「「すべて」について、ちょっとは気の利いた一言を差し挟むことができる技術」


『切りとれ、あの祈る手を---〈本〉と〈革命〉をめぐる五つの夜話』を読んだ。

「それ知っているよ、これこれこういうことでしょ、それってそういうものに過ぎないね」と脊髄反射的に言えるようになること。それによってメタレヴェルに立ち、自らの優位性を示そうとすること。

ために、知と情報を得なくてはならない、日々最新のものにそれを更新しなくてはならないという強迫観念に対して

それは実は過激に見えて何も変えず何も生み出さない、自堕落な安逸に浸りきった享楽にすぎない

皆、命令を聞き逃していないかという恐怖に突き動かされているのです。情報を集めるということは、命令を集めるということです。いつもいつも気を張り詰めて、命令に耳を澄ましているということです。

と、「読む」ことを「「情報」というフィルターをかけて無害化」していると、冒頭、痛烈に拒絶する。

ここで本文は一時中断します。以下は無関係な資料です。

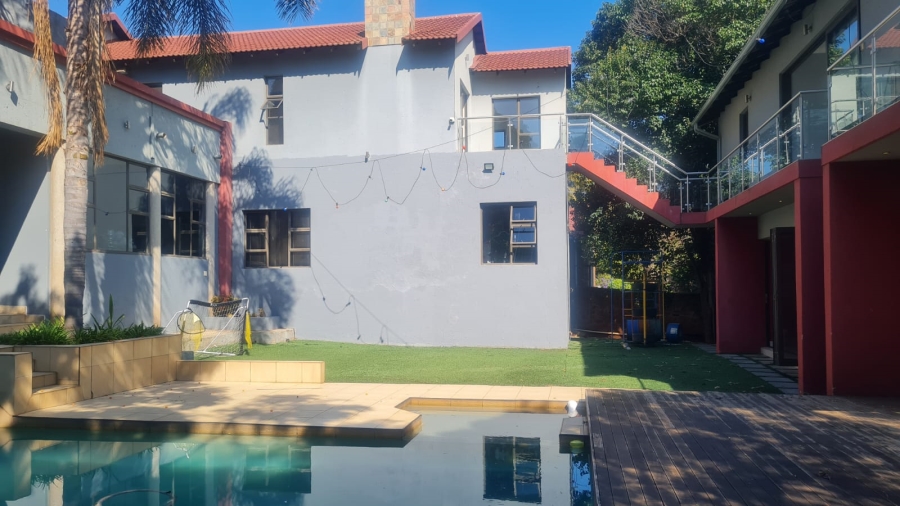7 Bedroom Property for Sale in Glenvista Gauteng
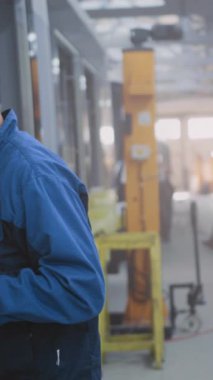 Fabrika işçisi beyaz erkek imalat tesisinde tablet teftişi, kontrol paneli durumu, dijital denetim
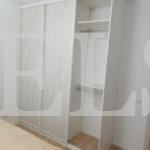 Встраиваемый шкаф в стиле модерн цвета Белый / Мрамор бежевый (3 двери) Фото 2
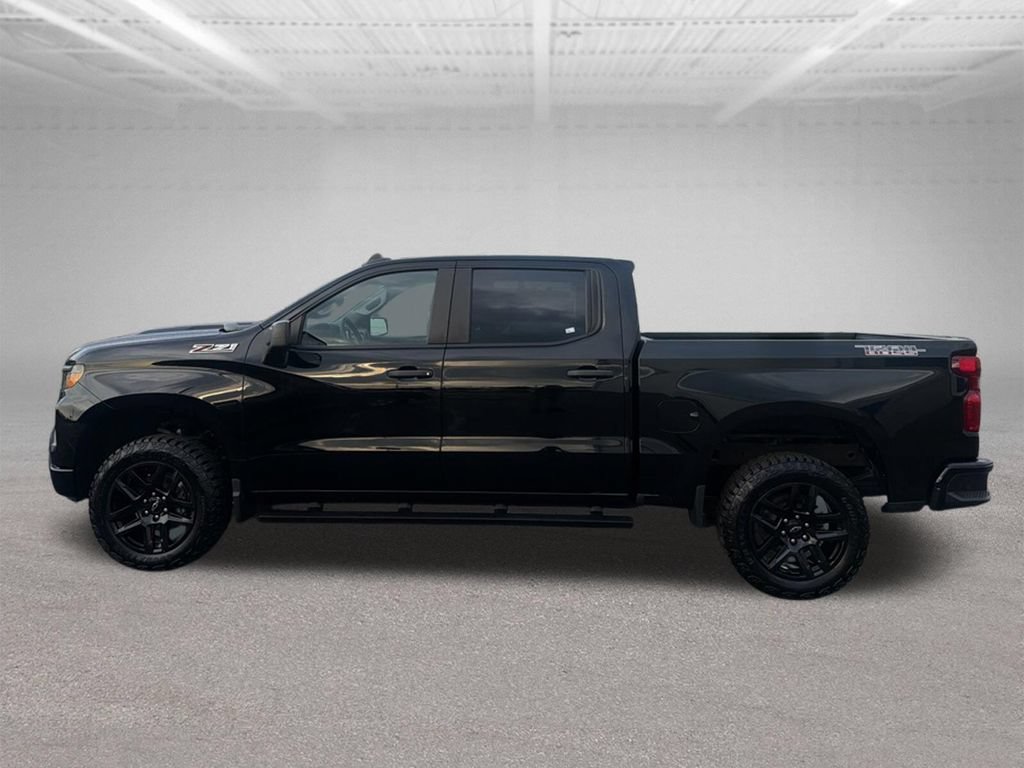 Used 2022 Chevrolet Silverado 1500 Custom Trail Boss AWD/4WD image 6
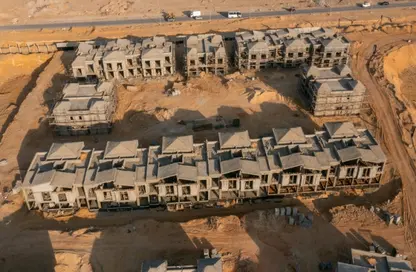 Townhouse - 4 Bedrooms - 4 Bathrooms for sale in Village West - Sheikh Zayed Compounds - Sheikh Zayed City - Giza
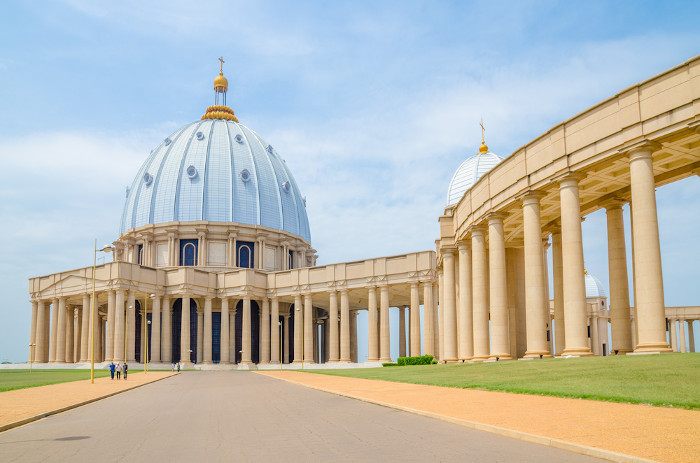 Basílica de Nossa Senhora da Paz, na Costa do Marfim.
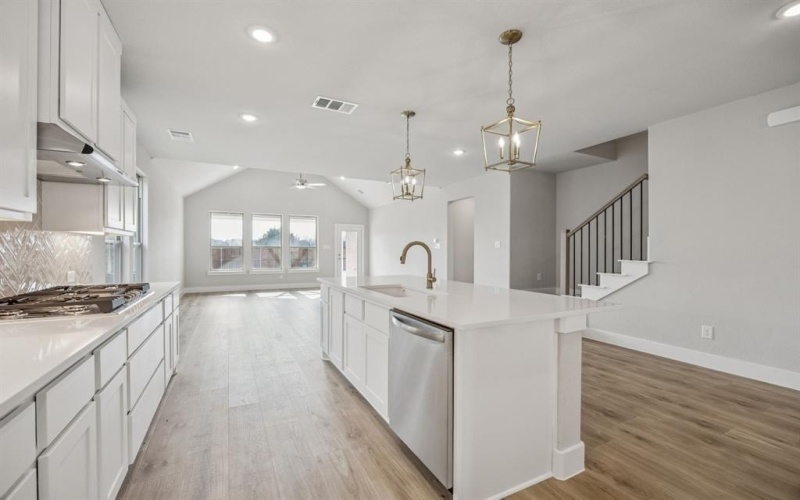 440 Lost Creek Trail, Waxahachie, TX 75165, 4 Bedrooms Bedrooms, ,3 BathroomsBathrooms,Residential,For Sale,440 Lost Creek Trail,0,21132406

そこから「読む」ということ、革命とは読み書き変えることであったという話が展開されて、「文学」と「暴力」の分離すらも普遍的なものではないことが解き明かされていく。


そして、ラスト第四夜後半から第五夜。

「自分の生きているこの時代に、歴史は決定的瞬間を迎えているのであり、決定的な終わりや始まりを自分が生きている」ことを明確に否定して、そもそも

詩も、歌も、ダンスも、楽器も、リズムも、蜜の味も。あるいはさりげない日常の挨拶とか、挙措とか、表情とか

がすべて文学であること、0.01%であってもその可能性に賭け続けることが、終わりなき日常を変革していくのだと鼓舞する。


おれはキリスト教イスラム教や近代史、近代思想について知識がないので、正直言われるほど読みやすい本ではないと思うし(読めない漢字も多かった…)、タマフルインビクタス評や秋のタマフル推薦図書特集での補助線がなかったら読破できなかったかもしれない。

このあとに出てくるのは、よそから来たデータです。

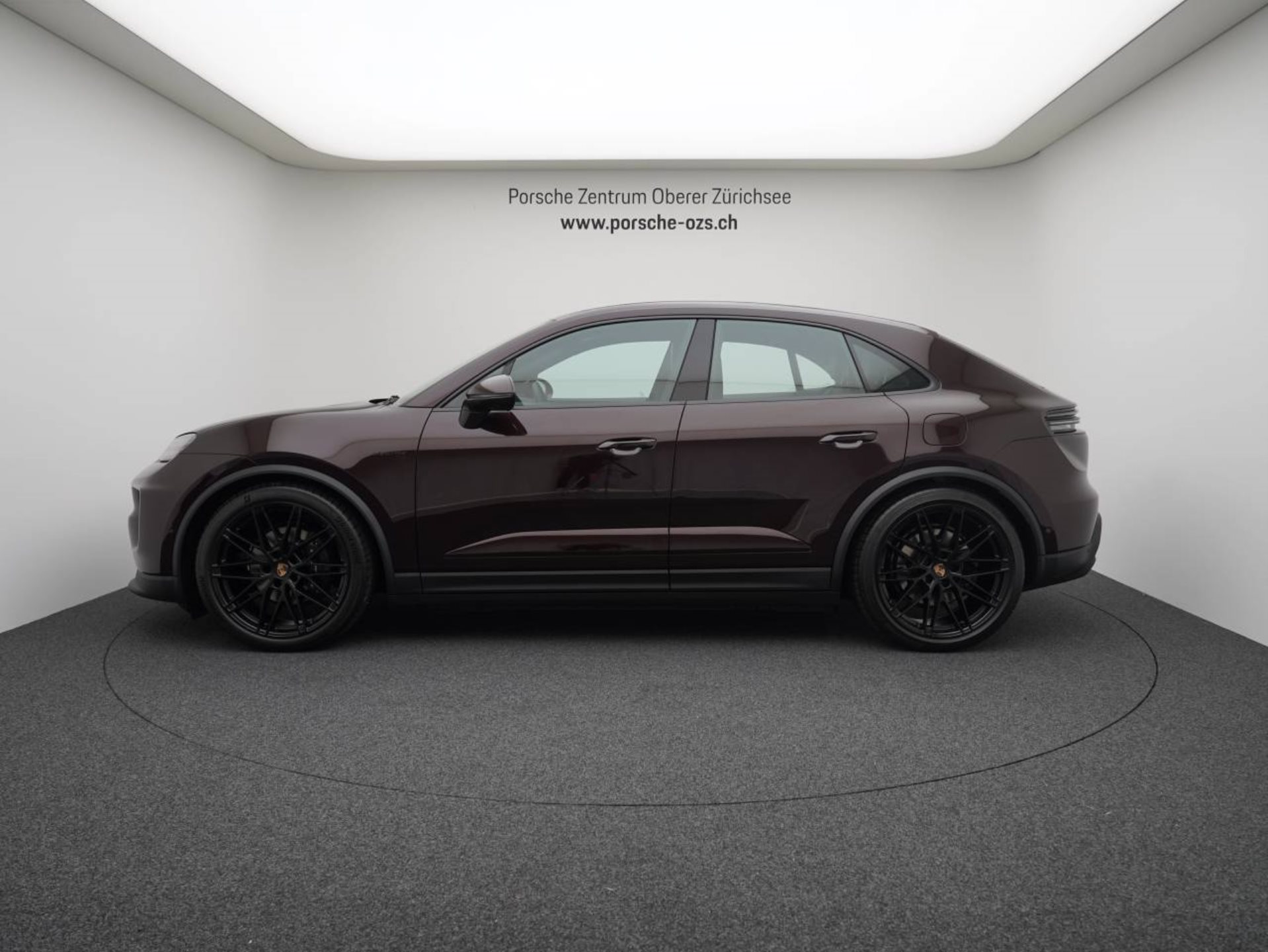 PORSCHE Macan 4-showroom-element-1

2010年、自分に起こった大きな変化は、友達に教えてもらってタマフル(『ライムスター宇多丸のウィークエンド・シャッフル』)のpodcastを聴きだしたことで、そこでインビクタス評を聴き、『ブラスト公論』を読んだ。

KAIKOOでやけのはら+Dorianのライブを観て、初めてラップを聴くようになった。

この本で冒頭拒絶されているものは、ついこの間までまさにおれが憧れていたものだし、今でもそれは変われてはいないと思う。

宇多丸さんが常々言っている
「自分にしか歌えないことを歌ったものがいいラップ」
「今まで見ていた景色が、映画観終わった後に、映画館の外に出たら違って見えるような体験がしたくて本を読み、映画を観る」
ということをこの本を読んで思い返し、今年は新しい楽しいことを1つ知り、憧れがちょっと変わった1年になったと改めて思いました。